Liaisons: Re-Imagining Sondheim from the Piano is a triple album performed by the pianist Anthony de Mare; ECM Records released the album in 2015. It consists of pieces inspired by the American musical theatre composer Stephen Sondheim's oeuvre and has works written by various classical, jazz, and other composers. The album consists of 37 tracks and is over three hours long. Composers who wrote pieces on the album include Jason Robert Brown, Michael Daugherty, Jake Heggie, Fred Hersch, Gabriel Kahane, Phil Kline, Ricardo Lorenz, Wynton Marsalis, Nico Muhly, Thomas Newman, Steve Reich, and Duncan Sheik.

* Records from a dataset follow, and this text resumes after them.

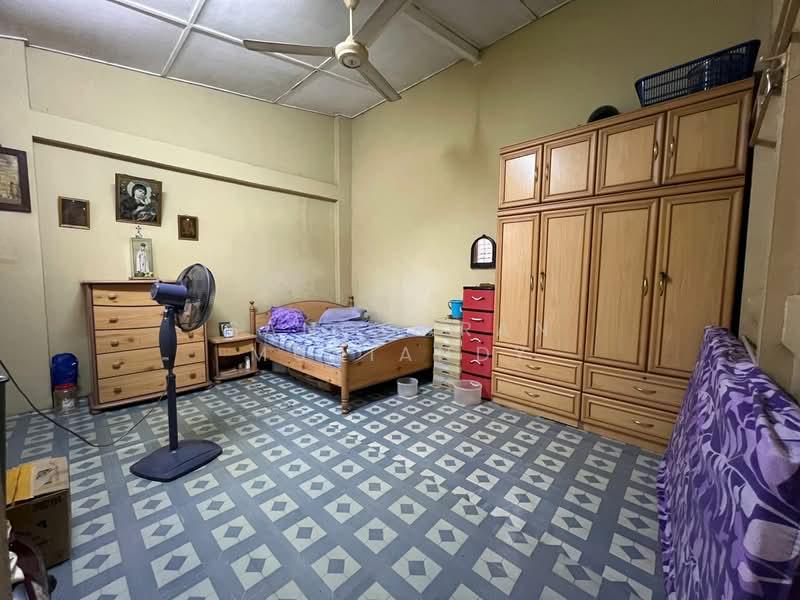 Rumah Teres Dua Tingkat (Cluster) untuk Dijual di Seberang Jaya - 3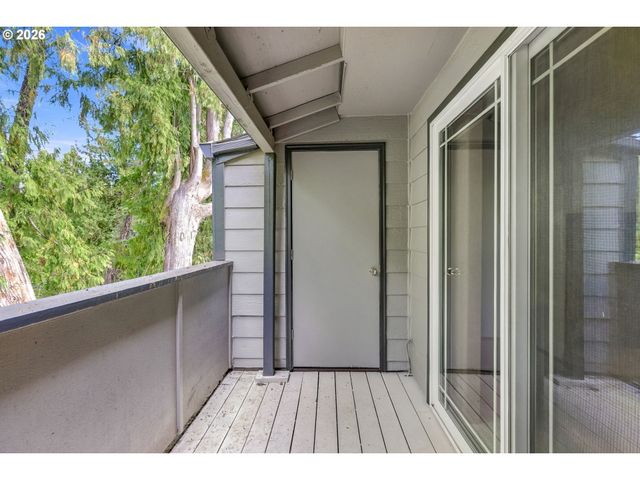 29720 Sw COURTSIDE Dr 52, Wilsonville, OR 97070
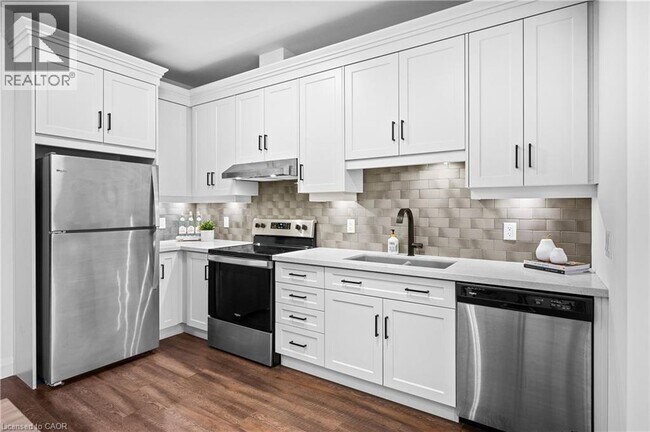 Photo du bâtiment - 30 Hamilton St S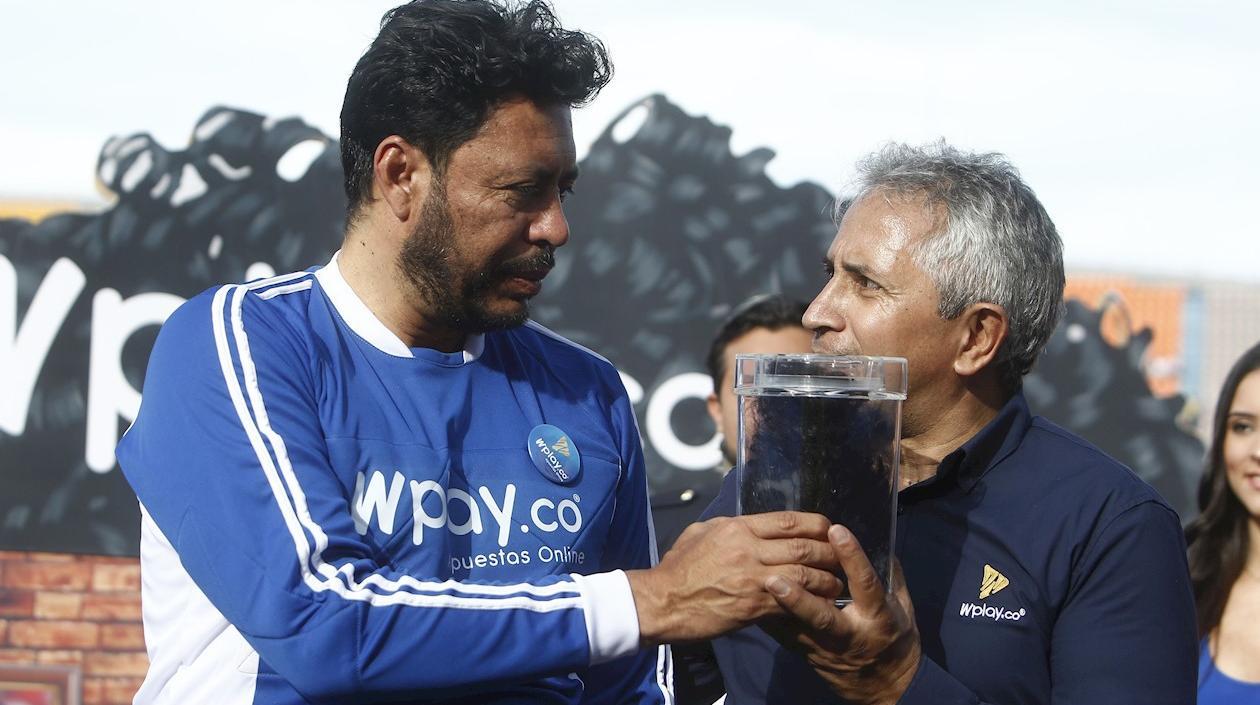 El nuevo corte de cabello de René Higuita.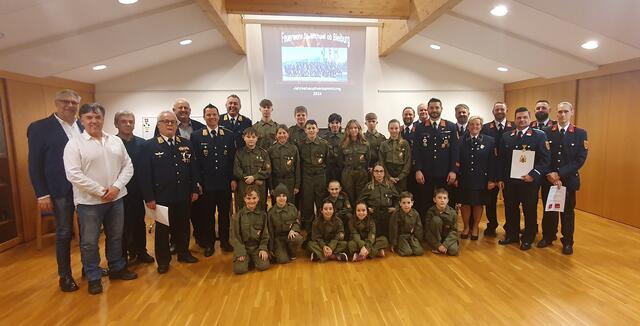 Mit Ehrengästen und Jugendfeuerwehr zog die Kameradschaft der Freiwilligen Feuerwehr St. Michael ob Bleiburg Bilanz über das vergangene Jahr und konnte Beförderungen und Ehrungen überreichen. | Foto: FF St. Michael ob Bleiburg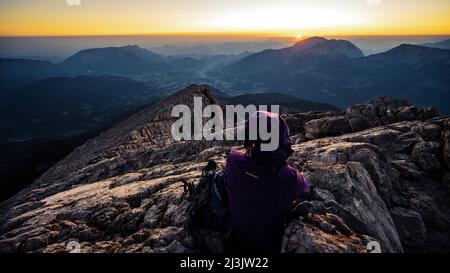 Tolle Sonnenaufgangsathmosphäre auf Hockeck Stockfoto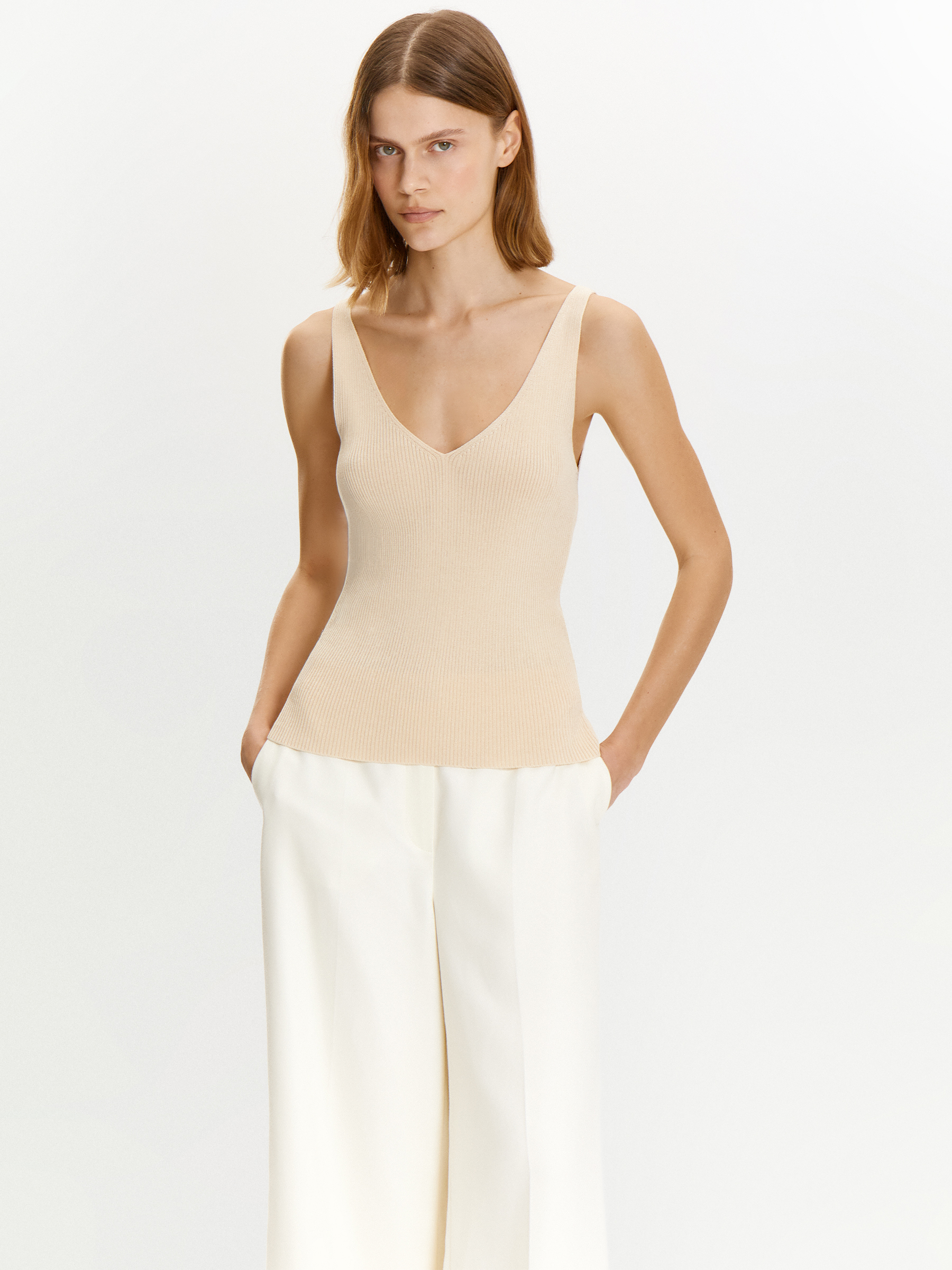 Трикотажный топ из вискозы 7990₽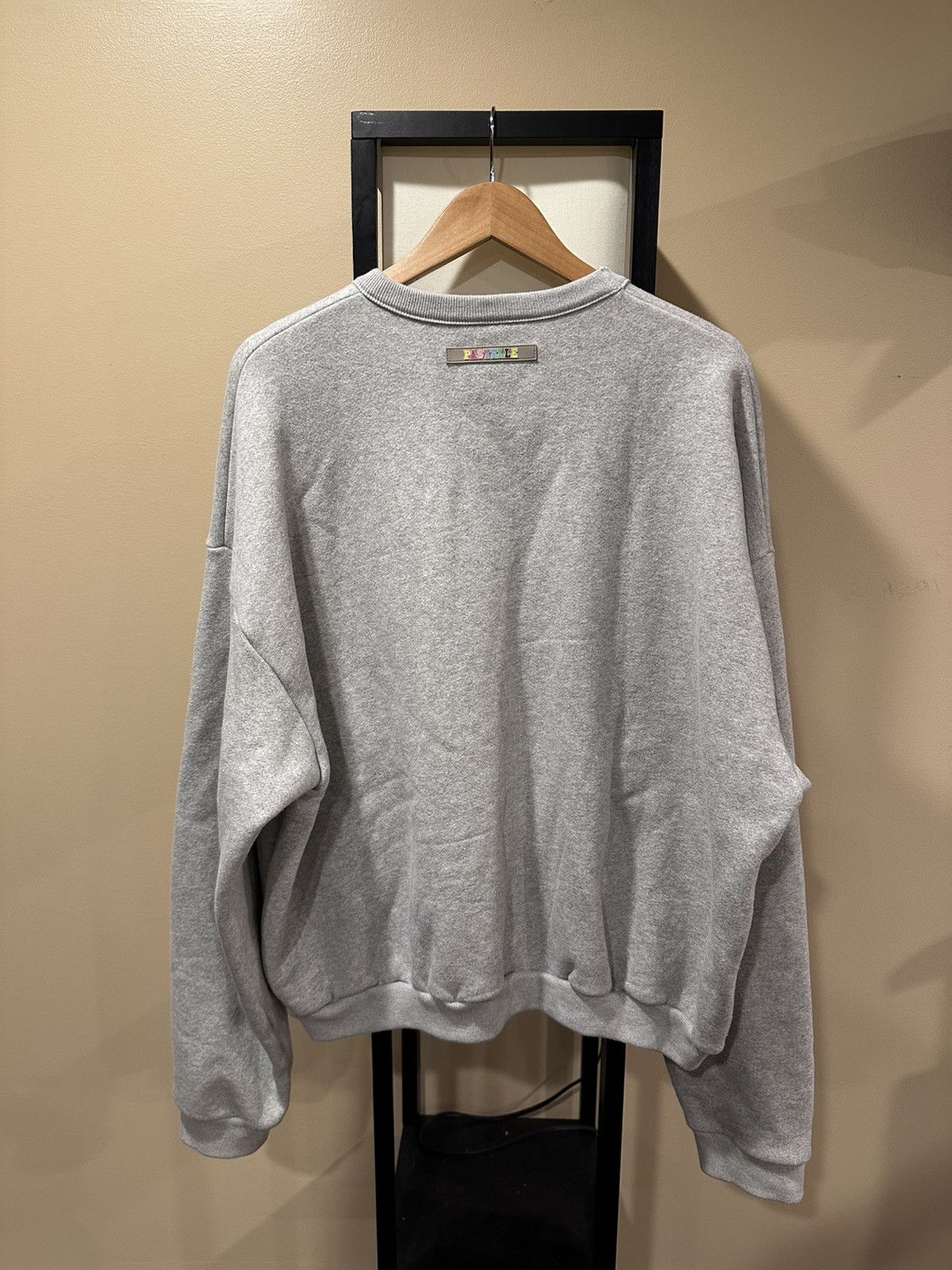 Kanye West Pastelle x Kanye West X Complex Con Exclusive Grey Crewneck Size US XL / EU 56 / 4 - 2 Thumbnail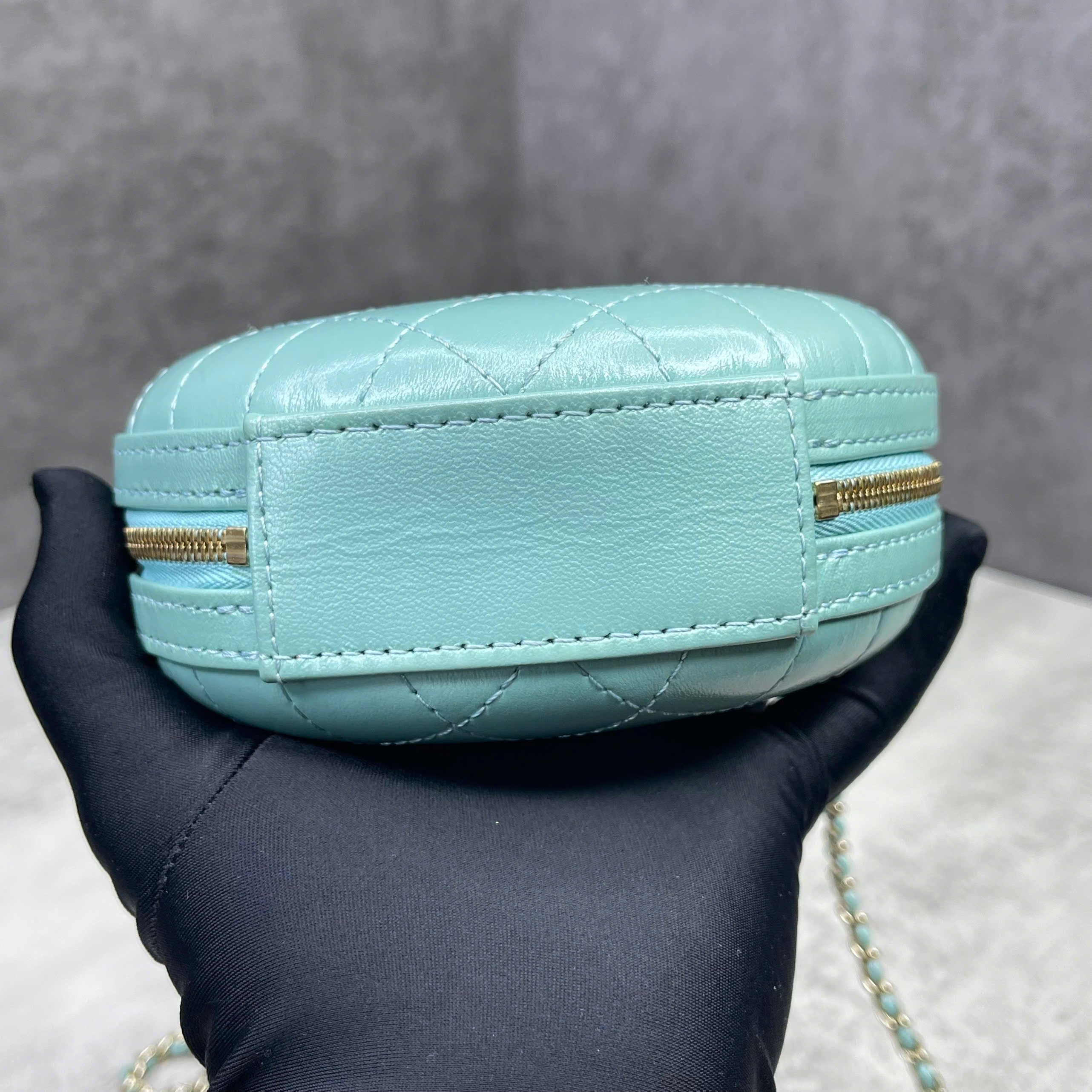 Chanel Round Mini Quilted Leather – Xanh Mint Code 27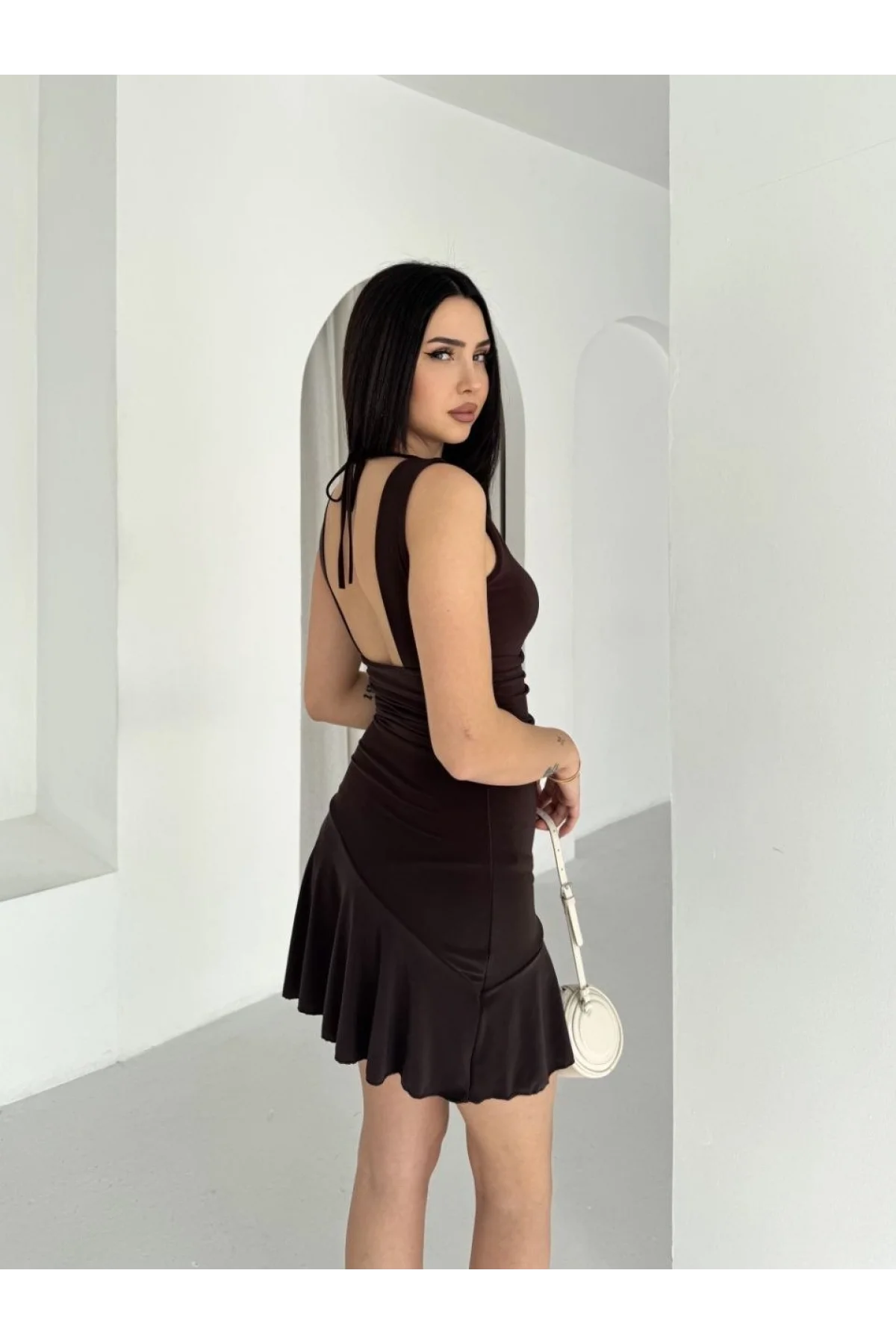 Kadın Derin V Yaka Sırt Dekolteli Mini Elbise Drapeli Şık Kolsuz - Kahverengi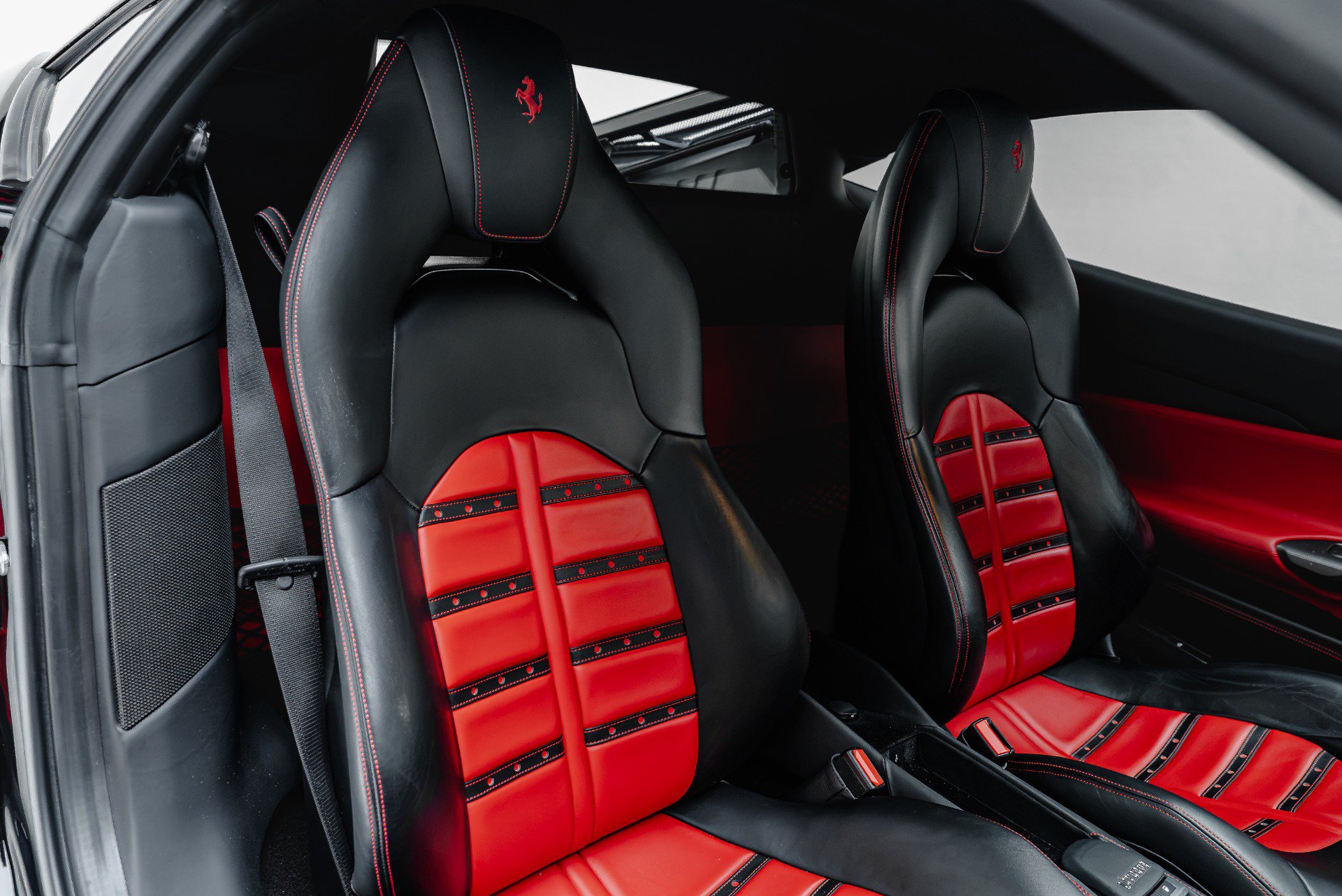 Used 2016 Ferrari 488 GTB RWD image 46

The album received mostly positive reviews.

Conception and planning
De Mare hired Rachel Colbert to produce the project and began contacting Sondheim in 2007. De Mare initially planned on having between 20 and 25 works in the project but he eventually settled on inviting 36 composers. Each composer was able to "re-imagine" any Sondheim song they wished; de Mare requested that they kept the original melody and most of the harmonies, let them know they should be able to change the structure, and asked them to not deconstruct the song, although some did so. 

Milton Babbitt, who had once taught Sondheim, had originally been chosen as one of the composers to participate in the project; his piece would have been inspired by "I'm Still Here" from Follies. His student, Frederic Rzewski replaced Babbitt upon his death in 2011. Adam Guettel was invited but declined due to feeling nervous; Elvis Costello, Sting, and Tori Amos had to decline participation due to a lack of time. Sondheim himself suggested de Mare invite Jason Robert Brown, Derek Bermel, and David Shire to compose pieces for the project. Of the thirty-six composers who contributed works, thirty-one were men and five were women. Thirty-two of them were born in the United States. The composers' ages ranged from late 20s to 80s. 

Individuals and institutions commissioned each of the pieces from the various composers. The Clarice Smith Performing Arts Center commissioned Kenji Bunch's, Jake Heggie's, Frederic Rzewski's, and Bernadette Speach's pieces. The Schubert Club commissioned Mary Ellen Childs's piece and the Banff Centre commissioned Rodney Sharman's piece. Notable individuals who helped commission pieces include James S. Marcus, Beth Rudin DeWoody, and Benjamin M. Rosen. All works had been completed by 2014.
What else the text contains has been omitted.